Exercise prompt :: Pictures found in the material must be left out, and every line returned as written.
[[ Given data, beginning ]]
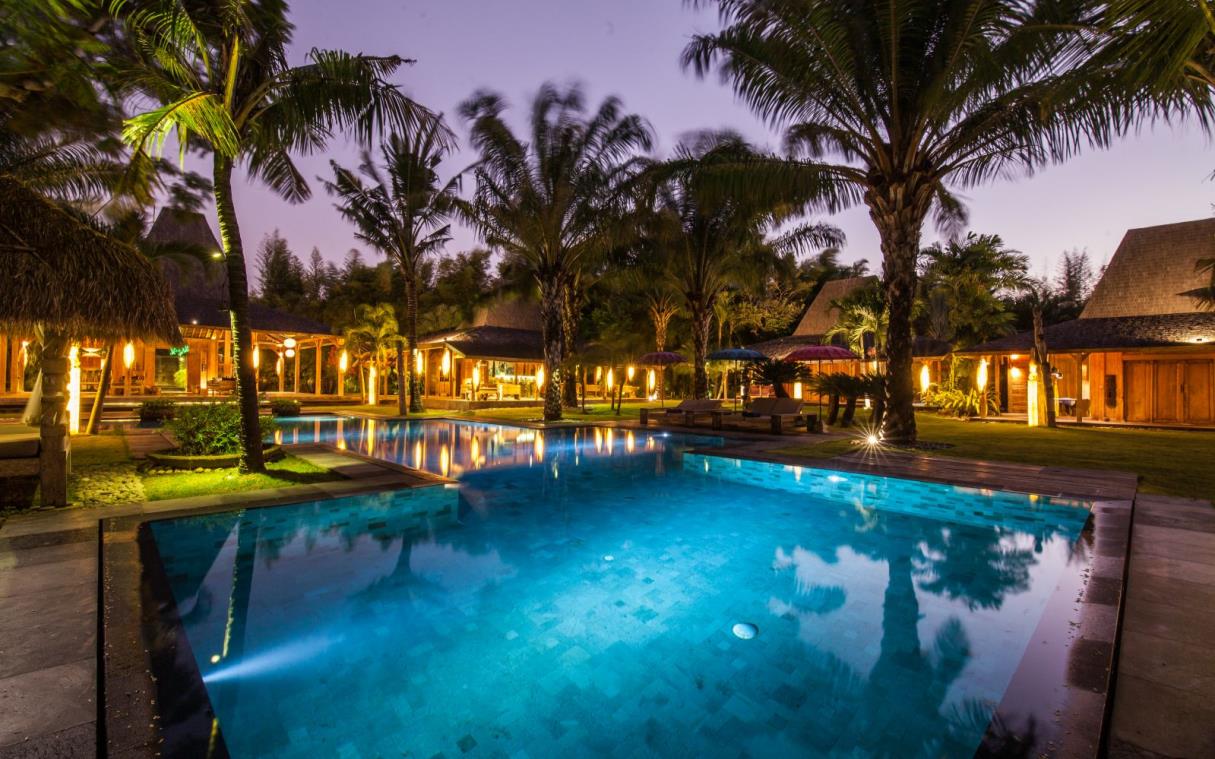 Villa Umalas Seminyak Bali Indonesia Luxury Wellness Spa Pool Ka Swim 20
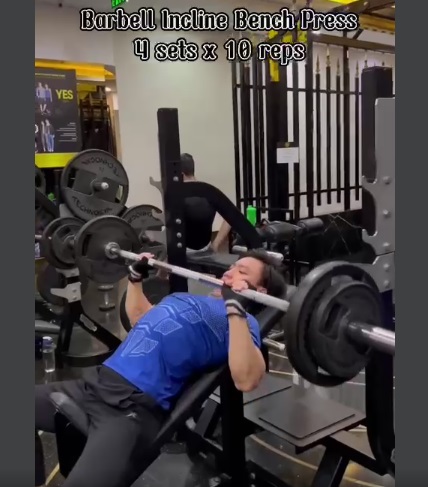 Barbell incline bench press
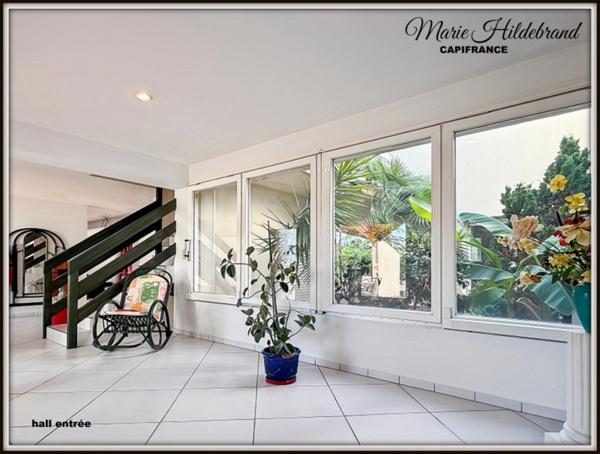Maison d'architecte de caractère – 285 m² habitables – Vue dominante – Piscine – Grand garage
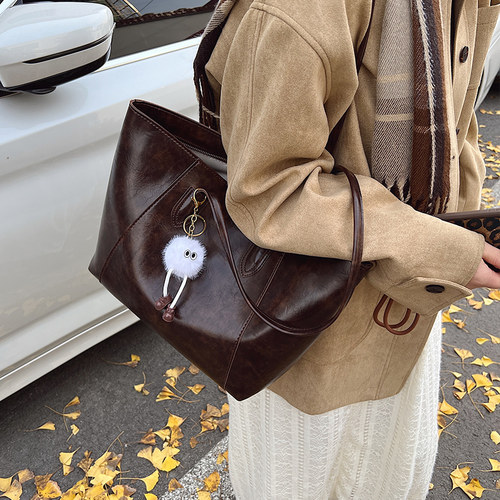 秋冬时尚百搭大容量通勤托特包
[[ Given data, end ]]
Written reply ::
 Villa Umalas Seminyak Bali Indonesia Luxury Wellness Spa Pool Ka Swim 20
 Barbell incline bench press
Maison d'architecte de caractère – 285 m² habitables – Vue dominante – Piscine – Grand garage
 秋冬时尚百搭大容量通勤托特包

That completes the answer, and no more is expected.